Lecture 1: Let's Panic About R.

Lecture 1: Let's Panic About R.

This material borrows heavily from Introductory Statistics with R by Dalgaard, Daniel Promislow’s GENE8150L notes, and Zed Shaw’s “Learn ___ the hard way” series.

What's R? It's a free, open source statistical programming environment. R is awesome. In this series of lectures we'll cover introductory statistics, and use R to do the analysis. By the end we'll hopefully know statistics and R. In this first lecture we'll learn how to import and export data, display it visually in a couple of formats, do some simple arithmetic, mess with data frames (R’s internal structure for tables), and read in text file tables in a couple of formats. We’ll also talk about organizing and commenting code.

Let's get our hands dirty immediately by typing in a few commands. I will interject longer bits between the exercises later on. A GENERAL INSTRUCTION: DO NOT COPY – PASTE THESE COMMANDS: TYPE THEM YOURSELF. You will retain much more of the material much more quickly.

EX 0.0 To use R, you need to install R, if you don't have it installed already. Here are the direct links for Windows and Mac. To install on a Debian based Linux system just

sudo apt-get install r-base

should do it. This is a good time to say: for things that you will type into a prompt somewhere exactly as you see them, they'll be rendered in a fixed-width font like this one. If none of these methods of installing R fits your situation, go to http://cran.us.r-project.org/ and there is probably a version for you.

EX 0.1 R is a command-based interface. To get stuff to happen, you enter things at the > prompt. We will soon abandon this direct command prompt approach, but it’s an O.K. place to start. Once you have R starting successfully on your computer, you should try installing the ISwR package, which contains the example data for Introductory Statistics with R. This also gives your R's connection to the interwebs a good shakedown cruise. Do this by typing

install.packages("ISwR")

at the prompt and pressing enter.

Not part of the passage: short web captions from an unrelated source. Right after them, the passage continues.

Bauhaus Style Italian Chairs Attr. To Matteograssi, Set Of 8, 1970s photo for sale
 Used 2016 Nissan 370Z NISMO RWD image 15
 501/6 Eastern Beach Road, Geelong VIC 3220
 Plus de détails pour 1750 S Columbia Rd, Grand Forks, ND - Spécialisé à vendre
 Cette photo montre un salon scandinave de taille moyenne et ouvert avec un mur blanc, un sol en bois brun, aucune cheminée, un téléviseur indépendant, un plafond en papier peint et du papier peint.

You'll be asked to choose a mirror; you can pick the first option, "0-cloud". You can also update all of your R packages by typing

update.packages()

. Try it.

EX 1.0 R can do simple arithmetic. If you type

2*2

into the > prompt and press enter you should get 4. Give it a whirl.

EX 1.2 R can store variables like this:

x <- 2

. Now x is 2, so

x*3

should spit out 6. Again type this out yourself (don't copy and paste) and see that you can get it to work.

R SCRIPTS!

We have started briefly by typing a couple of things directly into the R prompt. Let’s never do that again. Go to File>New Script to open another window which is an R script editor, and hit ctrl-s to save your new R script. You will soon have an enormous number of R scripts, so it important to organize and name them carefully from the start. My suggestion for the ones we’ll use in the course is to make one folder for the course, then make a subfolder for each lecture, then in the subfolder for the lecture save the window you just opened as Lastname-Lecture1-DATE.R, so mine is McCormick-Lecture1-072313.R . You may develop your own system later but you’ll regret not being organized from the outset. For non-course scripts, it is conventional to make the name a good description of what the script is intended to do, although there are other options.

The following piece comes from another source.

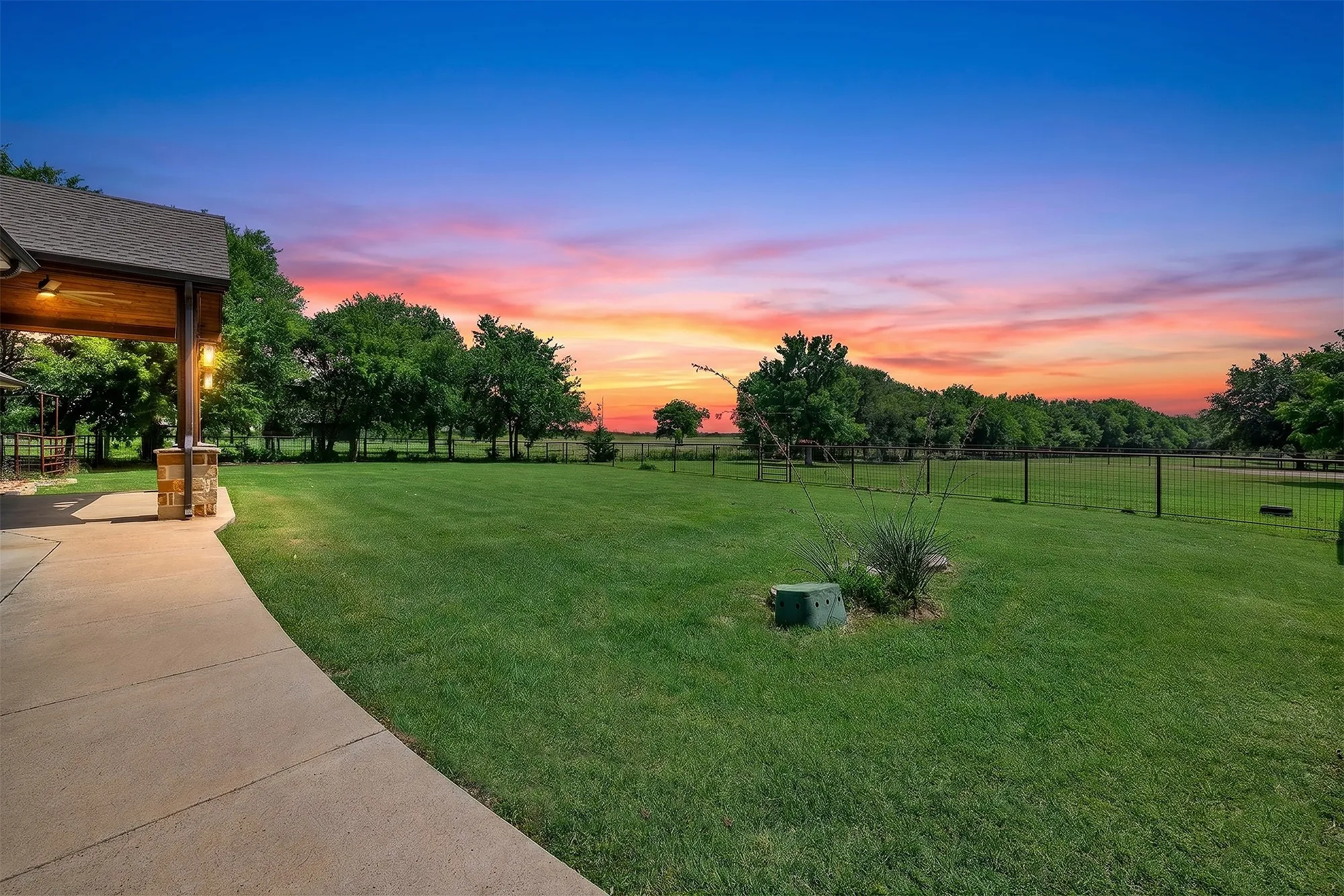Single Family Residence For Sale in Rockwall County , 5745 S Fm 548, Royse City, Texas 75189, 4 Bedroom, 3 Bathroom, Garage spaces, 2,904 Sqft, built in 2001, Price $635,000, mls#21299276, Real Estate Agent in Royse City, Homes For Sale in Rockwall county, Homes For Sale in Royse City, Realtor in Royse City Texas, Real Estate Brokerage Independent Realty Texas, Luminita Cordes Realtor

COMMENTS: A gift from present you to future you. Inside of an R script, much of what’s typed will be the R commands that make the script work, like the short ones you’ve already learned. Another crucial bit are COMMENTS. A comment is a note to yourself, to help you make sense of the big pile of commands later when you’re looking over an old R script (often months after you first wrote it), trying to change something or correct a problem. Any line in your R script that begins with a # symbol is ignored by R and is just there for you to use.

I start my files like this:

# nameoffile last modified DATE emailaddress

# workingornot as of DATE

#

, so for me this R script if it’s working as intended would start with the comment

# McCormick-Lecture1-072313.R last modified 072313 mark.mccormick.01@gmail.com

# working as of 072313

#

Once we have commands in the script window, we can save (ctrl-s), highlight a specific command and run it (ctrl-r), highlight all commands and run them (ctrl-a then ctrl-r), etc.

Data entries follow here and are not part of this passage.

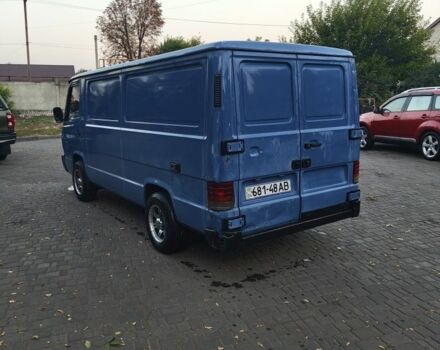 Синій Мерседес Інша, об'ємом двигуна 2.4 л та пробігом 300 тис. км за 2200 $, фото 8 на Automoto.ua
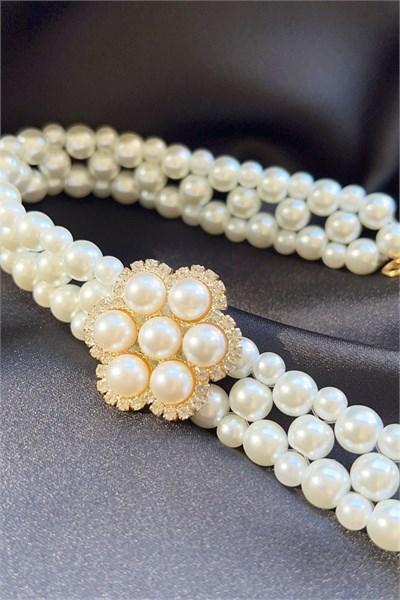 Flower Detailed White Choker Pearl Necklace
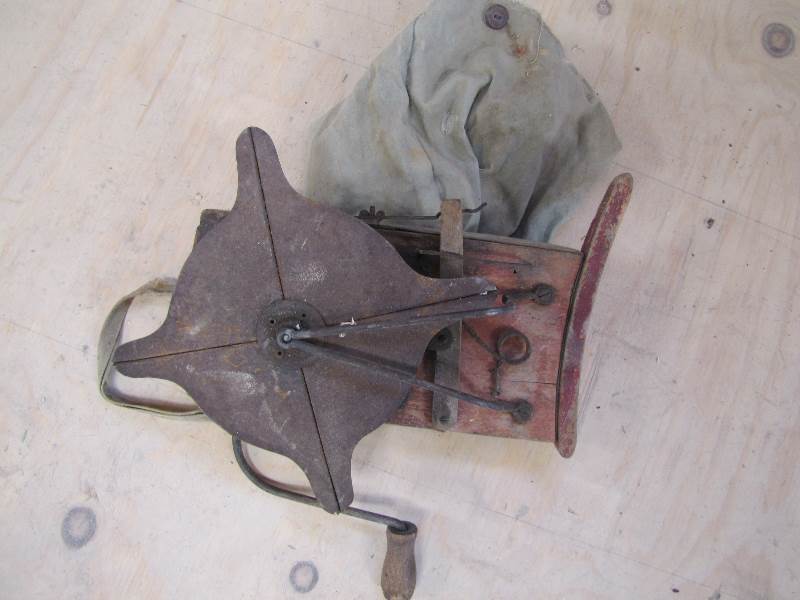 lot 19 image: Canvas Seeder Bag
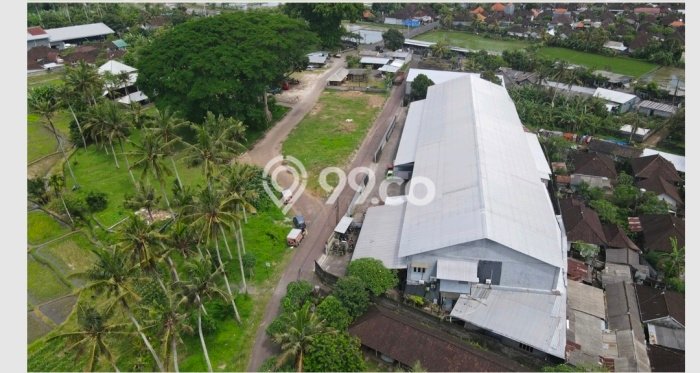 Unit Gudang Dijual di Mengwi Badung Luas Tanah 3510m2, Luas Bangunan 1879m2 Unit Gudang Dijual di Mengwi Badung Luas Tanah 3510m2, Luas Bangunan 1879m2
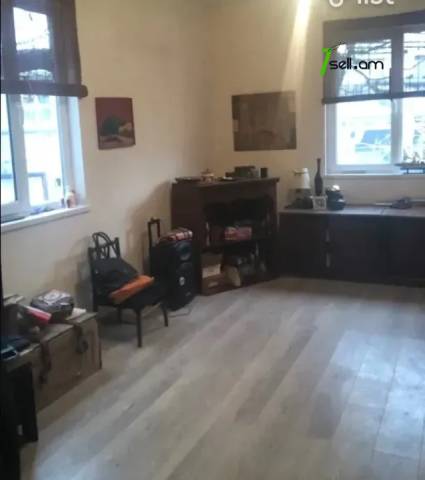 Երկու հարկանի քարե տուն Սարի Թաղ 3-րդ փողոցում Էրեբունիում, 131 քմ, 2 սանհանգույց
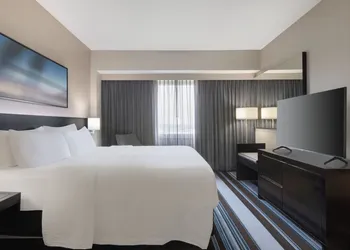 Courtyard by Marriott New York JFK Airport hotel thumbnail 8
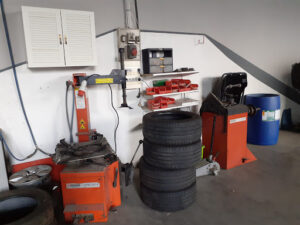 Garage associatif / self-garage – Adrénaline Ateliers Solidaires à Ungersheim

EX 1.3 R can work with vectors, which are just ordered lists of numbers, in the most general sense. Let's store one. To store the vector [5,7,9,13,45,13] to the variable "vector1" just type

vector1 <- c(5,7,9,13,45,13)

.

EX 1.4 What can we do with vectors? Treat them as simple ordered lists, for one thing. For example, let's say the numbers in vector1 are ages, and we want to look at resting heart rates vs. age. Let's get smarter and call the new vector "heartrate", and use the list [80, 70, 70, 60, 60, 70]. You should get the format. p.s. I know nothing about how heart rate actually varies with age.

EX 1.5 We can now divide these bad boys like this:

heartratebyage <- heartrate/vector1

. Do this. If you just type

heartratebyage

now at a prompt, R will tell you what's stored in this variable.

EX 1.6 There are some sweet collective operations you can do to a vector. You can sum it, find its length (how many numbers it contains), find its average, or its standard deviation. These are the commands

sum(vector1)

length(vector1)

mean(vector1)

, and

sd(vector1)

, respectively, for vector1. Give these a shot.

EX 1.7 So far, so good. R can also plot any two vectors (with the same length) on a 2-d plot. R can do some crazy plotting stuff but let's start with the classics. Try

plot (vector1, heartrate)

. Not bad right? Your plot should look something like this:

We'll make these plots prettier later. If you wanted to draw a line connecting these points, you could type

lines (vector1, heartrate)

to add this line to your plot. Try it. Your plot with lines added should look something like this.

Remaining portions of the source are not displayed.